• [TASK ITEM]
Whatever the records say, give every one of them again exactly.

Start of Block

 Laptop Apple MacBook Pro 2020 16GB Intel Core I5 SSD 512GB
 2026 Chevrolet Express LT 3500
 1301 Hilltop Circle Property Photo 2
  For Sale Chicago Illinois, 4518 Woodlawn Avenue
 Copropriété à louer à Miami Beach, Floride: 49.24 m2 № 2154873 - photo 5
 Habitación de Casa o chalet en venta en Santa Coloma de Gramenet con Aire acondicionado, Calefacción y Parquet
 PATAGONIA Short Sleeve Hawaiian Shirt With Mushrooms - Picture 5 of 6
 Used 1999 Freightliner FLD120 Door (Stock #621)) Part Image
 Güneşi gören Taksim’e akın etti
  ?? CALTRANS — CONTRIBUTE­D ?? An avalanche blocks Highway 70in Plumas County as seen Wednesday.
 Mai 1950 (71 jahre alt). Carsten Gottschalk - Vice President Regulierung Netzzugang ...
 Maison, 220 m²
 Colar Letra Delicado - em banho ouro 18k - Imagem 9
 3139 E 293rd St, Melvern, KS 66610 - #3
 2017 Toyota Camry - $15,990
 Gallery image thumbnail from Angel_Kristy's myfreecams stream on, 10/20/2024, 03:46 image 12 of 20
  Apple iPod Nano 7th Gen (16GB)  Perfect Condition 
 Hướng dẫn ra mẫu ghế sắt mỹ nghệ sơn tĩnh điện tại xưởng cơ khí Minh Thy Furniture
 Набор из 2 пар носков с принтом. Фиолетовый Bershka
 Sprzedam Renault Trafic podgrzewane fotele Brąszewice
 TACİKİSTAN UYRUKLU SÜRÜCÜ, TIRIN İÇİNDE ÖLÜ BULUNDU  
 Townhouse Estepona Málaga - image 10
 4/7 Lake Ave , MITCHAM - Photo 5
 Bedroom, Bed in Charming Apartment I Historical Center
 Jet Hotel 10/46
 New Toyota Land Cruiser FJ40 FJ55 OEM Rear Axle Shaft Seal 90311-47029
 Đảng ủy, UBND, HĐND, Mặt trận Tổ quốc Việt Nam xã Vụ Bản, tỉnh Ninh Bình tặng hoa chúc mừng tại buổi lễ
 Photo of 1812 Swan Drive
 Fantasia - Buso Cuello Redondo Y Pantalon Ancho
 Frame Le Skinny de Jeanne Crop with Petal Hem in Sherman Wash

End of Block

• [TASK ANSWER]
 Laptop Apple MacBook Pro 2020 16GB Intel Core I5 SSD 512GB
 2026 Chevrolet Express LT 3500
 1301 Hilltop Circle Property Photo 2
  For Sale Chicago Illinois, 4518 Woodlawn Avenue
 Copropriété à louer à Miami Beach, Floride: 49.24 m2 № 2154873 - photo 5
 Habitación de Casa o chalet en venta en Santa Coloma de Gramenet con Aire acondicionado, Calefacción y Parquet
 PATAGONIA Short Sleeve Hawaiian Shirt With Mushrooms - Picture 5 of 6
 Used 1999 Freightliner FLD120 Door (Stock #621)) Part Image
 Güneşi gören Taksim’e akın etti
  ?? CALTRANS — CONTRIBUTE­D ?? An avalanche blocks Highway 70in Plumas County as seen Wednesday.
 Mai 1950 (71 jahre alt). Carsten Gottschalk - Vice President Regulierung Netzzugang ...
 Maison, 220 m²
 Colar Letra Delicado - em banho ouro 18k - Imagem 9
 3139 E 293rd St, Melvern, KS 66610 - #3
 2017 Toyota Camry - $15,990
 Gallery image thumbnail from Angel_Kristy's myfreecams stream on, 10/20/2024, 03:46 image 12 of 20
  Apple iPod Nano 7th Gen (16GB)  Perfect Condition 
 Hướng dẫn ra mẫu ghế sắt mỹ nghệ sơn tĩnh điện tại xưởng cơ khí Minh Thy Furniture
 Набор из 2 пар носков с принтом. Фиолетовый Bershka
 Sprzedam Renault Trafic podgrzewane fotele Brąszewice
 TACİKİSTAN UYRUKLU SÜRÜCÜ, TIRIN İÇİNDE ÖLÜ BULUNDU  
 Townhouse Estepona Málaga - image 10
 4/7 Lake Ave , MITCHAM - Photo 5
 Bedroom, Bed in Charming Apartment I Historical Center
 Jet Hotel 10/46
 New Toyota Land Cruiser FJ40 FJ55 OEM Rear Axle Shaft Seal 90311-47029
 Đảng ủy, UBND, HĐND, Mặt trận Tổ quốc Việt Nam xã Vụ Bản, tỉnh Ninh Bình tặng hoa chúc mừng tại buổi lễ
 Photo of 1812 Swan Drive
 Fantasia - Buso Cuello Redondo Y Pantalon Ancho
 Frame Le Skinny de Jeanne Crop with Petal Hem in Sherman Wash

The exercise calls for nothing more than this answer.